What you need to know about automatic stays in bankruptcy

What you need to know about automatic stays in bankruptcy

On Behalf of | Aug 5, 2021 | Bankruptcy, Blog |

If you need to file for bankruptcy in Maryland, you can decide whether Chapter 7 or Chapter 13 is more appropriate for you. Once you have filed, you will get an automatic stay. If this is your first time filing bankruptcy, you may be unfamiliar with the process. It helps to understand the purpose of an automatic stay.

What is an automatic stay?

An automatic stay takes effect after you have filed for bankruptcy. It puts a stop to any collection requests, foreclosures or repossessions as well as contact from your creditors to request payment for debts.

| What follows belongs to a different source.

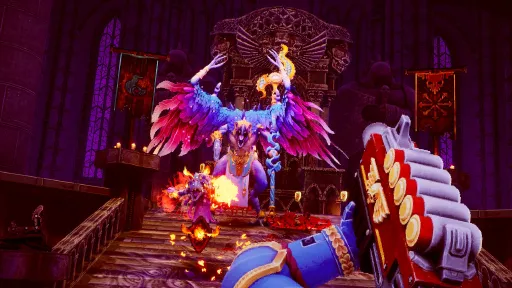 Warhammer 40,000: Boltgun screenshot 14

What does an automatic stay cover?

If you get an automatic stay, it can suspend a number of things related to your debt. If you had the debt prior to filing for Chapter 7 or Chapter 13 bankruptcy, the following are suspended with the automatic stay in effect:

  • Foreclosure on your home
  • Eviction from your rental property
  • Disconnection of your utilities
  • Wage garnishment
  • Repossession of your vehicle

However, automatic stays don’t apply to every debt. You cannot eliminate alimony payments, child support orders, some taxes or criminal penalties with the stay.

How long does an automatic stay last?

After you have filed for bankruptcy, the automatic stay should last until your case is closed. It also stays in place until your case is dismissed or you get a discharge of your debt. However, the judge can lift it at a creditor’s request if the creditor files a motion for relief or if an item is no longer part of a bankruptcy estate.

An automatic stay can remain for a shorter time or may not even come into play if you file bankruptcy too soon after a prior dismissal. In that case, the stay only applies for 30 days. There is no automatic stay if you file bankruptcy for a third time in a year.